E il padrone si fermò davanti alla piazza
Sergio Cofferati, allora segretario generale della Cgil, parla al Circo Massimo davanti a 3 milioni di persone il 3 marzo 2002 contro l'abolizione dell'articolo 18 proposta da Silvio Berlusconi – Foto Ansa
Politica

E il padrone si fermò davanti alla piazza

Asceso In Campo Berlusconi decise di fare marcia indietro sulla cancellazione dell'articolo 18 e riforma delle pensioni. Ma solo per tornaconto personale
Pubblicato più di un anno faEdizione del 13 giugno 2023

«Nelle mie aziende non c’è mai stata un’ora di sciopero». Si tratta di una delle poche affermazioni veritiere pronunciate da Silvio Berlusconi. Almeno fino al 2010, quando, con lui impegnato a palazzo Chigi per la quarta volta, a Mediaset andò in onda una protesta contro l’esternalizzazione di alcuni reparti.

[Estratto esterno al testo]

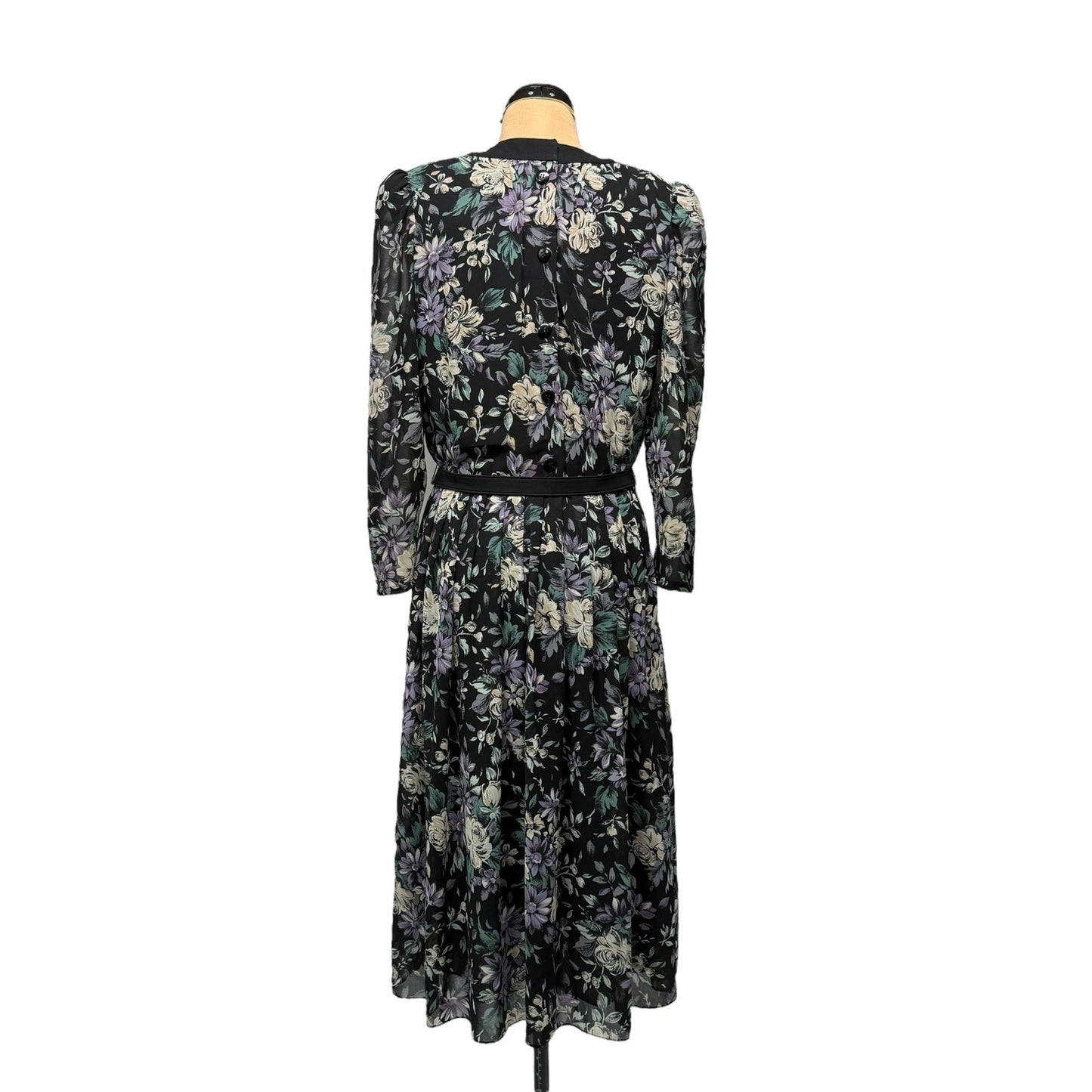 Vintage Donna Morgan NSP Black Floral Midi Dress w/ Bow Neck & Belt – S/P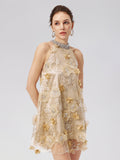 Diamond Embossed Floral Embroidered Dress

Data per assodata l’assenza totale di etica in ogni suo comportamento e le idee che plasmava (e ribaltava) a seconda del suo solo interesse, nessuno a sinistra, nei sindacati e nella variegata galassia antiberlusconiana è mai riuscito a comprovare in maniera inequivoca lo sfruttamento del lavoro e l’indole padronale. Che certamente c’era nel creatore di Milano 2, di Fininvest e del Milan ma era contemperata dalla capacità di offrire le condizioni di lavoro migliori a chiunque egli considerasse necessario al suo piano per fare soldi e successo.
Si dirà: facile, con tutti quei soldi di provenienza quanto meno chiacchierata. Resta il fatto che dal pallone al giornalismo, dal cinema all’edilizia la stragrande maggioranza dei suoi dipendenti lo considerava «il miglior datore di lavoro mai avuto» Anche chi non ne fosse correo.

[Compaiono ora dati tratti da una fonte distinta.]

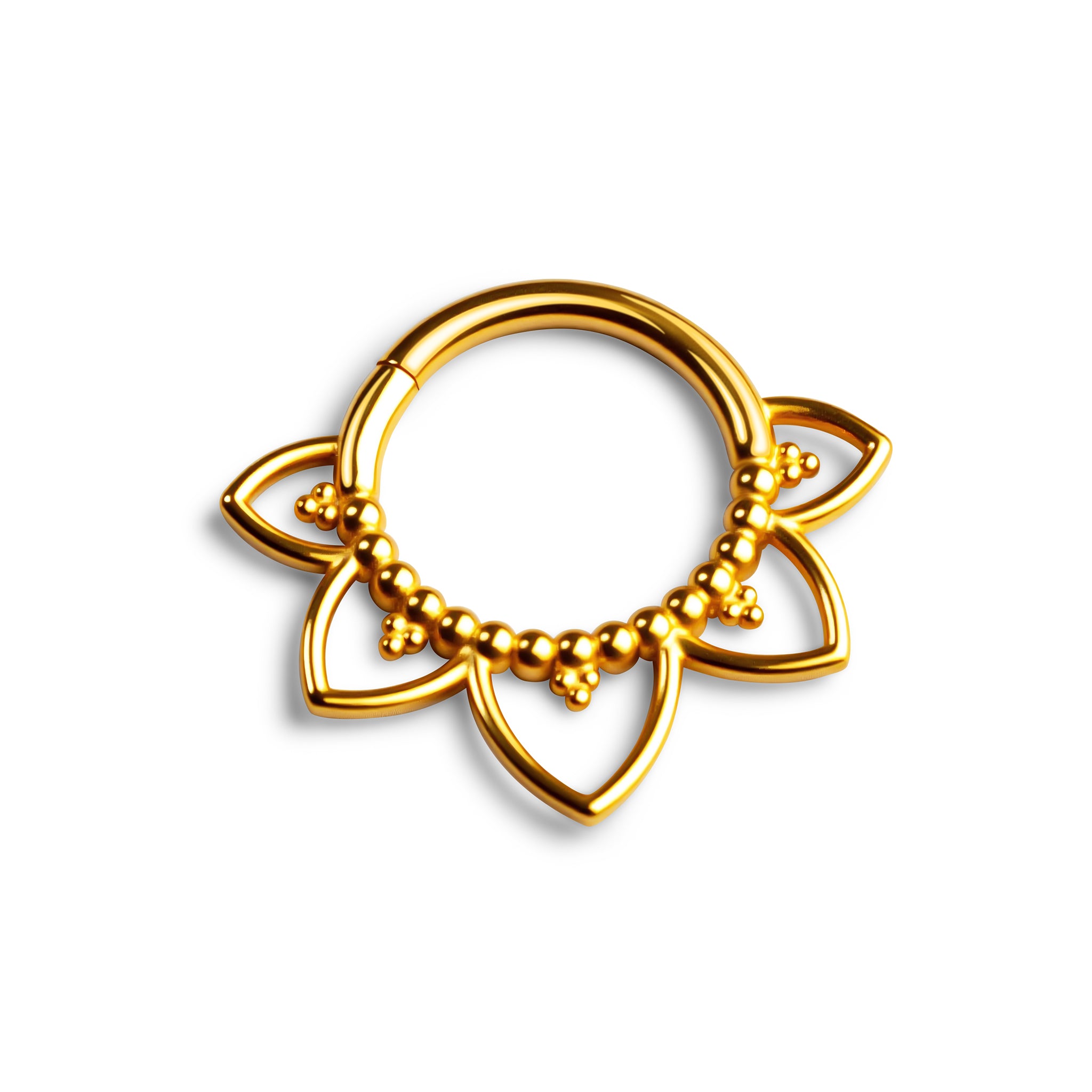 Clicker Ring Gold Lotus-Design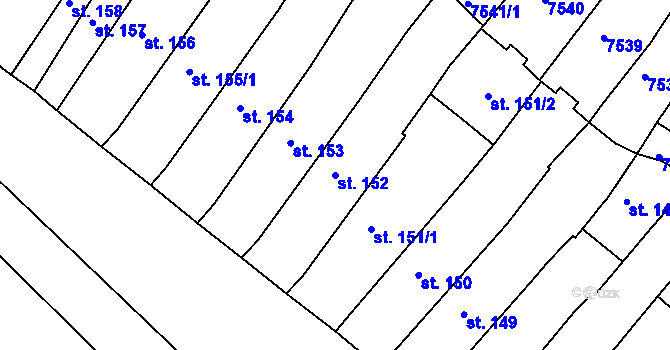 Parcela st. 152 v KÚ Telč, Katastrální mapa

La vera cesura con il mondo del lavoro però era inevitabile: due mondi così diversi non potevano che arrivare a conflitto. E accadde. Se la prova generale fu appena vinte le elezioni nel 1994 con il decreto che modificava pesantemente il sistema previdenziale, fu nel 2001 che lo scontro raggiunse con il sindacato l’acme. Seguendo il volere della Confindustria guidata all’allora dal sudista Antonio D’Amato, Berlusconi puntò al bersaglio grosso: lo scalpo dell’articolo 18. Ne propose la sostanziale abolizione.

La reazione popolare fu inaspettatamente dura. Sergio Cofferati da segretario della Cgil convinse tutto l’arco costituzionale che abolire lo strumento col quale un padrone poteva licenziare chi voleva – «Tu sì, tu no» – era porcata tale da chiamare alla piazza.

Al Circo Massimo arrivarono in tre milioni. Come nel 1994, Berlusconi fece subito marcia indietro.

Il tentativo di comprarsi il consenso della Cisl e della Uil riuscì solo in parte. E anche in quell’occasione Berlusconi dimostrò fiuto, fermandosi davanti all’opposizione popolare. Il seme comunque fu gettato: il lavoro lo portò a termine l’adepto Matteo Renzi nel 2015.

E così oggi che Berlusconi si congeda dall’agone politico, perfino Sergio Cofferati ne riconosce il rispetto: «Malgrado gli scontri, Berlusconi i rapporti col sindacato non li ha mai messi in discussione: con noi si confrontava, si scontrava, dando vita a conflitti anche assai aspri, ma il nostro ruolo non lo ha mai messo in discussione». E qui la differenza con Renzi c’è.
Molti poi considerano Berlusconi l’iniziatore della precarizzazione del lavoro. La legge Biagi è però molto più figlia dell’ex socialista Sacconi e del democristiano di sinistra Tiziano Treu che del Silvio che fu.

E a Silvio non portò che piccoli vantaggi personali. Troppo pochi per intestarsela.